Find the line that contains "Une voiture convertie à l'islam sticker" in the entries below. Restate it and every line after it, word for word, with no pictures.
= Beginning of Section =
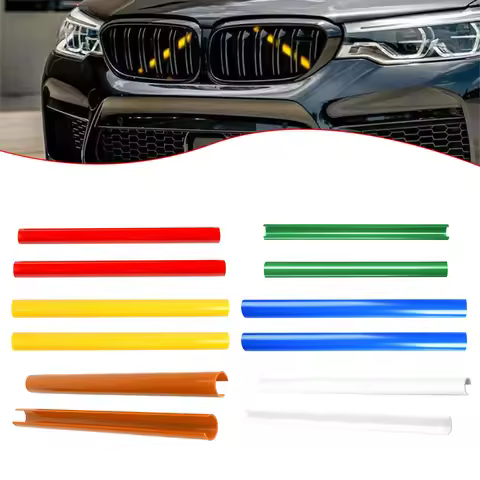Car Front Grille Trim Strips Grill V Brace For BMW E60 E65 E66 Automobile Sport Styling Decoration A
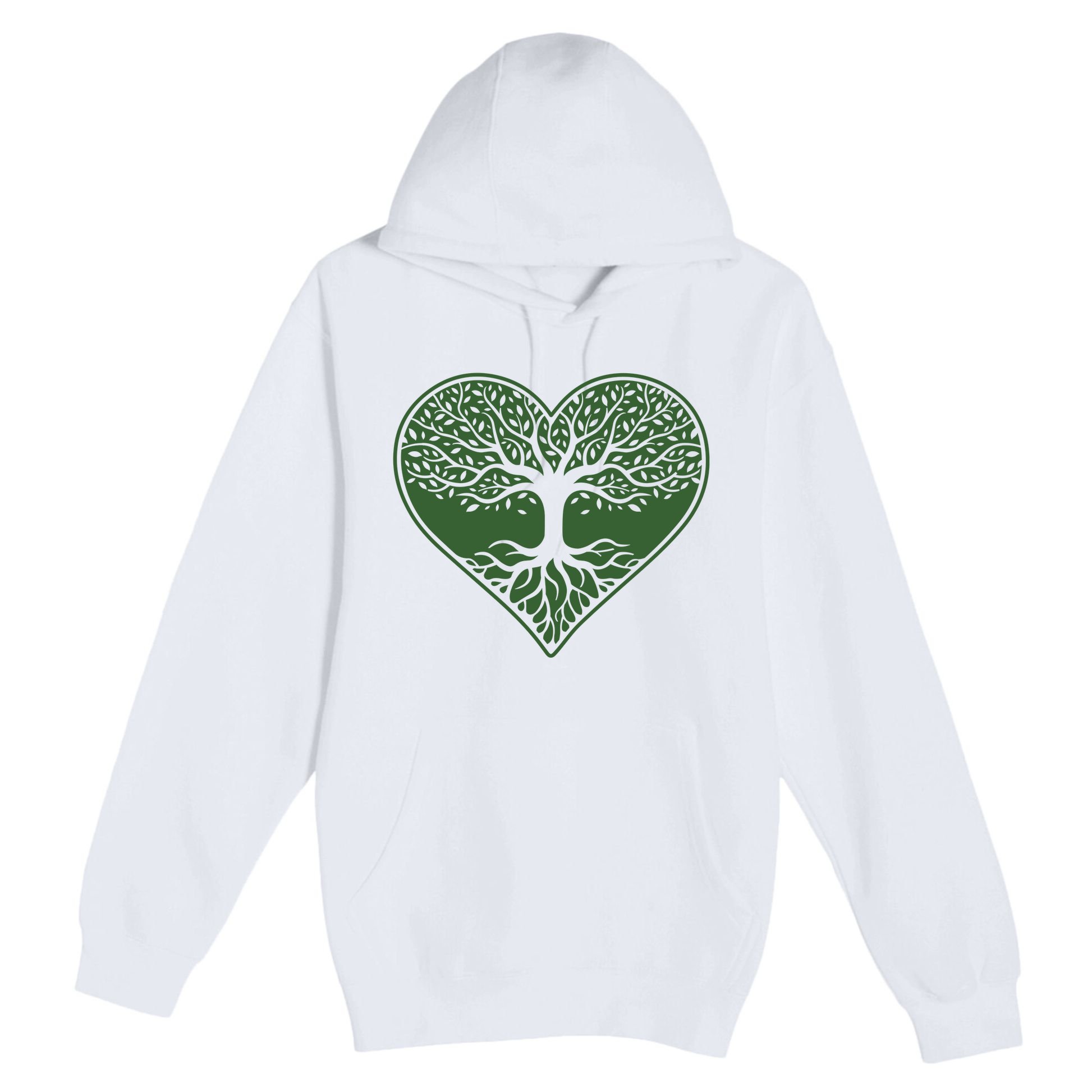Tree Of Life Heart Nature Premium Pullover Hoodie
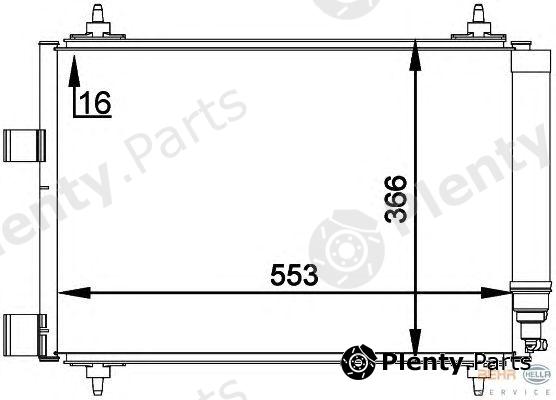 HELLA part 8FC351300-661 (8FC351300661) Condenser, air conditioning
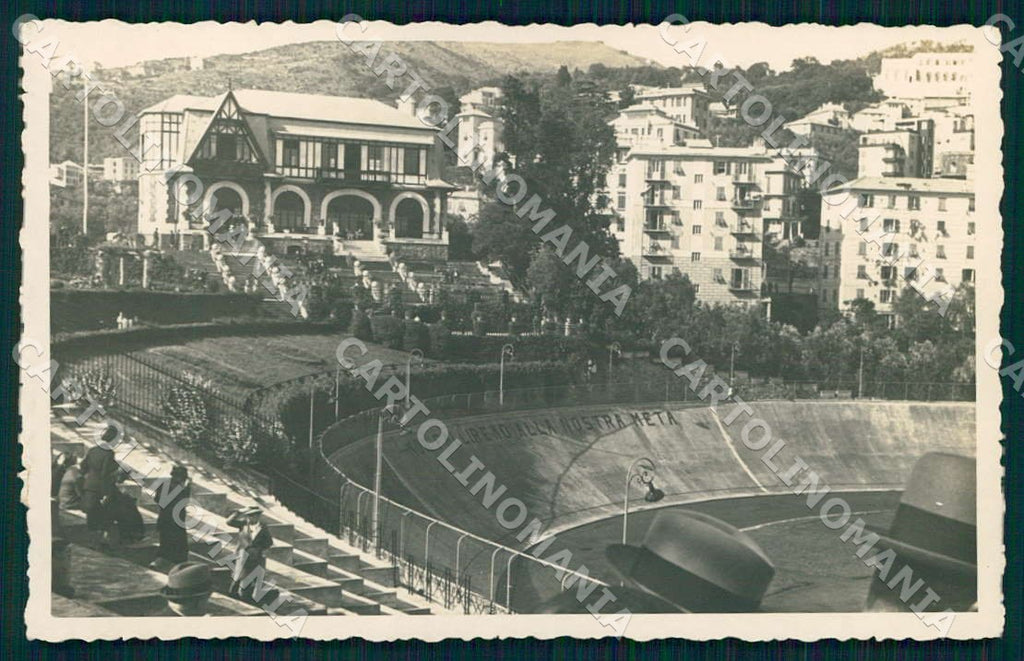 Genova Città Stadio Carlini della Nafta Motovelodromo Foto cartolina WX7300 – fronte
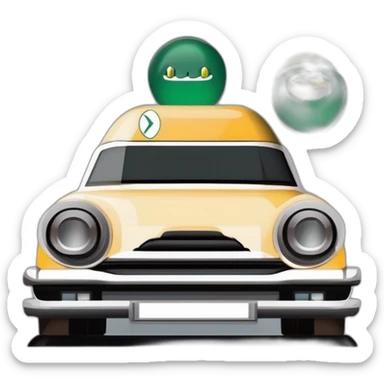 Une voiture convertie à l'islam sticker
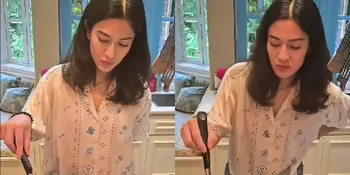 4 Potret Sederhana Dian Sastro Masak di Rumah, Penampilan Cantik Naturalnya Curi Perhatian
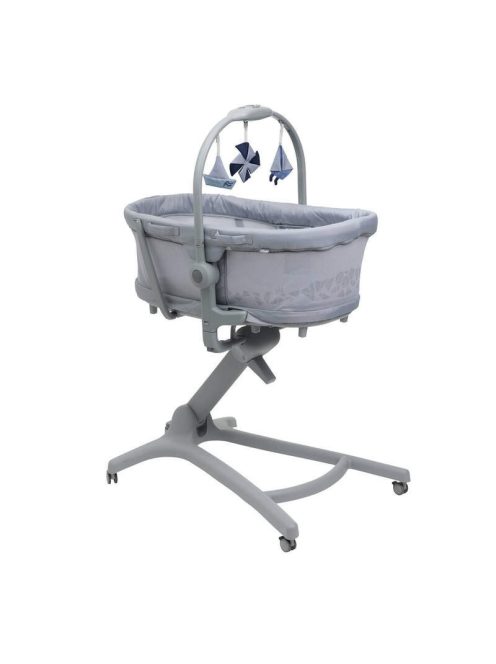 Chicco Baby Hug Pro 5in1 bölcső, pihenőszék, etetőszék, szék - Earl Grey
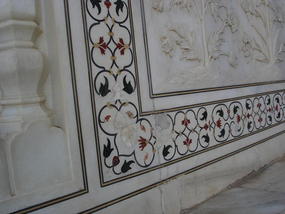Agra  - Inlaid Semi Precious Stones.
= End of Section =
Response to this task>
 Une voiture convertie à l'islam sticker
 4 Potret Sederhana Dian Sastro Masak di Rumah, Penampilan Cantik Naturalnya Curi Perhatian
 Chicco Baby Hug Pro 5in1 bölcső, pihenőszék, etetőszék, szék - Earl Grey
Agra  - Inlaid Semi Precious Stones.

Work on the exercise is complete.